Giovanna ha 72 anni, vedova da cinque, vive da sola, non lontano dall'unica figlia sposata.
Frequenta molto assiduamente l'ambulatorio del medico di famiglia, di volta in volta per i più vari disturbi: astenia, capogiri, dolori migranti alle articolazioni, cattiva digestione, insonnia, mancanza di respiro. Il medico l'ha visita più volte senza mai riscontrare un repetto obiettivo che potesse giustificare i vari quadri clinci lamentati. Sono stati eseguiti, nel corso degli anni, numerosi esami ematochimici risultati sempre normali, radiografie del torace, ecografia dell'addome, radiografia della colonna lombo-sacrale, varie consulenze specialistiche (ortopedica, reumatologica, cardiologica). Gli accertamenti praticati non hanno mai mostrato rilievi patologici. Il medico si è ormai abituato, nel corso degli anni, alle varie lamentazioni di Giovanna e l'ha etichettata come ipocondriaca. Quando la vede comparire sulla porta dell'ambulatorio nella sua mente scatta già l'inquadramento diagnostico di paziente funzionale. Da circa 4 mesi ha tentato anche una terapia con un antidepressivo SSRI, con risultati a dir il vero scoraggianti.
Negli ultimi mesi però le visite di Giovanna al medico si sono fatte più frequenti: si lamenta che la stanchezza è aumentata, che fatica a muoversi con la stessa scioltezza di prima, che le sembra di essere gonfia (in realtà è anche aumentata di qualche chilo). Il medico la visita per l'ennesima volta, risscontra una pressione arteriosa di 120/70, una frequenza cardiaca di 60 bpm, un addome leggermente globoso, ma null'altro. Il colorito gli sembra un poco anemico per cui fa eseguire degli esami ematchimici che mostrano in effetti un valore di emoglobina di poco al di sotto dei valori normali (11,8 g/dL) ma con volume globulare medio normale, sideremia e ferritina sono nella norma, così come gli altri parametri misurati (glicemia, creatinina, transaminasi, VES, esame urine, elettroforesi proteica). Certo quindi che si tratti dell'ennesima forma "funzionale" il medico prescrive una terapia "ricostituente" a base di iniezioni.

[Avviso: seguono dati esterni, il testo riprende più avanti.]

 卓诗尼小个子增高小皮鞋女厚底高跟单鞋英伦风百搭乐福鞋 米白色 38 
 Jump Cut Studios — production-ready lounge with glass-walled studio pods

La paziente non si fa più vedere per qualche settimana, poi un bel giorno piomba in ambulatorio con la figlia al seguito. "Dottore, dobbiamo far qualcosa per mia madre" esordisce quest'ultima " le cure che le ha ordinato non sono servite a nulla, lei si sente sempre più stanca, svogliata, ha poco appetito e continua a gonfiarsi. Non potrebbe essere la tiroide?" Il medico è preso in contropiede, alla tiroide non aveva pensato, controlla la cartella clinica e vede che comunque aveva richiesto un dosaggio del TSH e dell'FT4 circa un paio d'anni prima, ma erano risultati nella norma. Scuote la testa perplesso ma richiede questi nuovi esami. Una settimana dopo Giovanna e la figlia ritornano raggianti: "Ha visto che era proprio la tiroide?". I medico controlla gli esami ed in effetti nota che vi è un franco ipotiroidismo, per il quale prescrive la terapia sostitutiva a base di tiroxina. In cuor suo deve ammettere che la figlia è stata più abile di lui a porre il sospetto diagnostico.
Dopo un paio di mesi Giovanna entra in ambulatorio ed esclama "Dottore, con la pastiglia che mi ha dato ora mi sento come rinata".

Commento al caso clinico

Questo caso clinico è esemplare non tanto per la patologia in sè (un ipotiroidismo in una donna anziana è una condizione che si riscontra con una certa frequenza), quanto perchè dovrebbe portarci a riflettere sul fatto che i "frequent attenders", i pazienti che vediamo spesso per motivi i più vari e ai quali per anni abbiamo fatto eseguire accertamenti sempre negativi, tanto che li abbiamo etichettati come "funzionali", possono ad un certo punto ammalarsi di una patologia organica. Questi pazienti sono forse quelli che più mettono a dura prova l'acume diagnostico del medico.